┏━━

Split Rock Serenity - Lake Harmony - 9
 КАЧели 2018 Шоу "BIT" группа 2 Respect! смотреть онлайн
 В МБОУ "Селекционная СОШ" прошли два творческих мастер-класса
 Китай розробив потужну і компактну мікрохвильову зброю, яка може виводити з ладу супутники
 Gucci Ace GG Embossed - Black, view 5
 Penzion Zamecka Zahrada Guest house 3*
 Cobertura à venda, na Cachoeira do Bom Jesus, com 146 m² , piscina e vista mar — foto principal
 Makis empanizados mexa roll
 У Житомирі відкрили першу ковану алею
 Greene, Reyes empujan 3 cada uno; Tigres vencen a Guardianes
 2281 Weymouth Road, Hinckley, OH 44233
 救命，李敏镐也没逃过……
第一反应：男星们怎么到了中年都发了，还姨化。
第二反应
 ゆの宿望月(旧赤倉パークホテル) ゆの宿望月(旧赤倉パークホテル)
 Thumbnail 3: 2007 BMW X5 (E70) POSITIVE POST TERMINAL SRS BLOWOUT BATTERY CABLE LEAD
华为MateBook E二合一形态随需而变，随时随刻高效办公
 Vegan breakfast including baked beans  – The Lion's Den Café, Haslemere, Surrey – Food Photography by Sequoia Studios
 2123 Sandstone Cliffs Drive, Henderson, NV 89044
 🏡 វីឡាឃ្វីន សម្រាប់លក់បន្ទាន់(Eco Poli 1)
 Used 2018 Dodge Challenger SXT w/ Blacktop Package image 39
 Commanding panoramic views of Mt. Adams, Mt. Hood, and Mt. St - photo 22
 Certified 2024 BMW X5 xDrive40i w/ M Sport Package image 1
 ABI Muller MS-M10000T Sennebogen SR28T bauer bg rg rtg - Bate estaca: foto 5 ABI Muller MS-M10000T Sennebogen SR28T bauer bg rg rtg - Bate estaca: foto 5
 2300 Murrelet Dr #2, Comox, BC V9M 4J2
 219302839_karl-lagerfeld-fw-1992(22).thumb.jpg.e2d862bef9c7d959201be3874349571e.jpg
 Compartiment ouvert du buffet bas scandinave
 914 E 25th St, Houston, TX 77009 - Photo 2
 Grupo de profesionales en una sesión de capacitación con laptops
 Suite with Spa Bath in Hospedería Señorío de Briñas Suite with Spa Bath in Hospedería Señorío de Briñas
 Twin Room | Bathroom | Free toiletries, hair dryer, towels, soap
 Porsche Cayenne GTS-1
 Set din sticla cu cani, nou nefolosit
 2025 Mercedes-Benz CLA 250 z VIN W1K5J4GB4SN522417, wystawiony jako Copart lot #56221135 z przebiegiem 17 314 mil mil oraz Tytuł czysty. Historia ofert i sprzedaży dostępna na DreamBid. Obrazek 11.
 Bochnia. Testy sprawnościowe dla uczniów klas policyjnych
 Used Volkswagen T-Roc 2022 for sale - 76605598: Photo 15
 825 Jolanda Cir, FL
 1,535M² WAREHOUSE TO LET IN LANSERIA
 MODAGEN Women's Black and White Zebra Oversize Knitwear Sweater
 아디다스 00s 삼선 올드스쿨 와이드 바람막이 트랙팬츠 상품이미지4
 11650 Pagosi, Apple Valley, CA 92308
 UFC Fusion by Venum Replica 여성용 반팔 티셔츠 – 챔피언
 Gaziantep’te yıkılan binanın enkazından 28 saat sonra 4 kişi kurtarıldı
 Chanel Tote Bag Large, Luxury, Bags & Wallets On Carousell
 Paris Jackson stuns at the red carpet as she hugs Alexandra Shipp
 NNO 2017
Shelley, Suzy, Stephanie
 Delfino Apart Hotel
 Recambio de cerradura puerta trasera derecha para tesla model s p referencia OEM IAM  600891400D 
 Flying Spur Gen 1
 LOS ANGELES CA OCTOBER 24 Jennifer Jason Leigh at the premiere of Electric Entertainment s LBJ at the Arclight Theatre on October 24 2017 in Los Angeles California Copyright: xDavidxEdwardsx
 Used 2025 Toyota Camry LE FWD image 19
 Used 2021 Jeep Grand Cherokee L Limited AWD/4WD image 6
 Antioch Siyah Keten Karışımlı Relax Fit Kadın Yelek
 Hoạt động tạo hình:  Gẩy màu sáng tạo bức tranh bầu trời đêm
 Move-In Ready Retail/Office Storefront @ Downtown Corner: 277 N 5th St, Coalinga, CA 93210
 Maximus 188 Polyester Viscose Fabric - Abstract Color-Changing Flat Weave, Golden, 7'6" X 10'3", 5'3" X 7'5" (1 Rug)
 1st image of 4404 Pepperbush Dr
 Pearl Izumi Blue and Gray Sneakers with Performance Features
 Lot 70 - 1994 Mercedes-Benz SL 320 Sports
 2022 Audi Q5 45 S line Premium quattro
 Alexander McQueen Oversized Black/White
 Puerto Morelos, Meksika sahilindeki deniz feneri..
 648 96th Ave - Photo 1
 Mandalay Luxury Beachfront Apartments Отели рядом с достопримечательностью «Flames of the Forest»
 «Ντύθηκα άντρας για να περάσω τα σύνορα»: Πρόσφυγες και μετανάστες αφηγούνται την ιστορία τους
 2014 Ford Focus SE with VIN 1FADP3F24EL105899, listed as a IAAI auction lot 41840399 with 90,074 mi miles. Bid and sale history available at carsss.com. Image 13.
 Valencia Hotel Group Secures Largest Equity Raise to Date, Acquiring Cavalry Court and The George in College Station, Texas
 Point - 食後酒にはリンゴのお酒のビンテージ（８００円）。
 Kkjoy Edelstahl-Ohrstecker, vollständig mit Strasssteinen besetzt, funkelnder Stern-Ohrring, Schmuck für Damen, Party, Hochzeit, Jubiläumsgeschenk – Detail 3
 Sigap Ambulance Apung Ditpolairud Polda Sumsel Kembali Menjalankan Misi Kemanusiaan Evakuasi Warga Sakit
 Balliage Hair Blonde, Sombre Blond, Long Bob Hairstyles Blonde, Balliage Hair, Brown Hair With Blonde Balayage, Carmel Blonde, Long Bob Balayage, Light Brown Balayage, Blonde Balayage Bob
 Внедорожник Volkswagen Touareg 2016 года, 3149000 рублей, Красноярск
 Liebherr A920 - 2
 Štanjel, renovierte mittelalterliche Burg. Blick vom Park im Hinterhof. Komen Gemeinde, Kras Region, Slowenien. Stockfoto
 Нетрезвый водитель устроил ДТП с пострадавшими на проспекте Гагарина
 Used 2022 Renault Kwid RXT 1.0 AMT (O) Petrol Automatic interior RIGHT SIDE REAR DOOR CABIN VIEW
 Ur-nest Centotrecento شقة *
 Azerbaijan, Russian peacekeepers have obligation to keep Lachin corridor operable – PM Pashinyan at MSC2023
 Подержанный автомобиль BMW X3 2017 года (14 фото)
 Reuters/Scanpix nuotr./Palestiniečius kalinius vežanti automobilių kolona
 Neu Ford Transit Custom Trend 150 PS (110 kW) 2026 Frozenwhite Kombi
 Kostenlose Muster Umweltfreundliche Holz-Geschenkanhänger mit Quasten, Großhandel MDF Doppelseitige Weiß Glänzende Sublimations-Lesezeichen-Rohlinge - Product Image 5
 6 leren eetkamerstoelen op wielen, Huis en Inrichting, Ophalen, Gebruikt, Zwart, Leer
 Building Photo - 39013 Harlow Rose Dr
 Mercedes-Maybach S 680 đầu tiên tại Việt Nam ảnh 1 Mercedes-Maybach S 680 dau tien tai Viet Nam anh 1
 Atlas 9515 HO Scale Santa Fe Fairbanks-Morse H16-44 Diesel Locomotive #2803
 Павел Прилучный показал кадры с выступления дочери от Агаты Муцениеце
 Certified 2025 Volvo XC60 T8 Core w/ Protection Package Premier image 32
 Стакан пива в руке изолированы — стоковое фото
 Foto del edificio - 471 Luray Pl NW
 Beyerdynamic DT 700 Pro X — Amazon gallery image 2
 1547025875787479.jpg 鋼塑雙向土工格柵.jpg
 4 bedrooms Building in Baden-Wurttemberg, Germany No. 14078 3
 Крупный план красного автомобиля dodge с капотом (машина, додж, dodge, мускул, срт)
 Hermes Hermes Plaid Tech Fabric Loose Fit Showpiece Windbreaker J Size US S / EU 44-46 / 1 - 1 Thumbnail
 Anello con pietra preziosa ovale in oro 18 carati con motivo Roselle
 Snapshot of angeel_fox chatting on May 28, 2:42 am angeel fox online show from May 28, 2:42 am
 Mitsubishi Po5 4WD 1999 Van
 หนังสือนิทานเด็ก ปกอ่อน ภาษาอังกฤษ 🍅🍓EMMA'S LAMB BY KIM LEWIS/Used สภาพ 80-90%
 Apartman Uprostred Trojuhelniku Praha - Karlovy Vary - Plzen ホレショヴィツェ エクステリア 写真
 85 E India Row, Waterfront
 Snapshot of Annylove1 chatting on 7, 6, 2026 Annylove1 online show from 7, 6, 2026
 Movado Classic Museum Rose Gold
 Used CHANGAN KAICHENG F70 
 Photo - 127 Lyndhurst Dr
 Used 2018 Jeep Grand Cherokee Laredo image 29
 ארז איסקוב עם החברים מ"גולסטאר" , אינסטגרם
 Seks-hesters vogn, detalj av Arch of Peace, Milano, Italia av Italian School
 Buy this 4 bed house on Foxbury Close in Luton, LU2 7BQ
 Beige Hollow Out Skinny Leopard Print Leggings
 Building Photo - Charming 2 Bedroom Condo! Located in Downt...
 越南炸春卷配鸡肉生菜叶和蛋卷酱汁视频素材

┗━━

**WHAT TO DO:**
All that is wanted is an exact copy of the lines above from the one with "Commanding panoramic views" through the one with "Twin Room |", with both ends included.

**TASK SOLUTION:**
 Commanding panoramic views of Mt. Adams, Mt. Hood, and Mt. St - photo 22
 Certified 2024 BMW X5 xDrive40i w/ M Sport Package image 1
 ABI Muller MS-M10000T Sennebogen SR28T bauer bg rg rtg - Bate estaca: foto 5 ABI Muller MS-M10000T Sennebogen SR28T bauer bg rg rtg - Bate estaca: foto 5
 2300 Murrelet Dr #2, Comox, BC V9M 4J2
 219302839_karl-lagerfeld-fw-1992(22).thumb.jpg.e2d862bef9c7d959201be3874349571e.jpg
 Compartiment ouvert du buffet bas scandinave
 914 E 25th St, Houston, TX 77009 - Photo 2
 Grupo de profesionales en una sesión de capacitación con laptops
 Suite with Spa Bath in Hospedería Señorío de Briñas Suite with Spa Bath in Hospedería Señorío de Briñas
 Twin Room | Bathroom | Free toiletries, hair dryer, towels, soap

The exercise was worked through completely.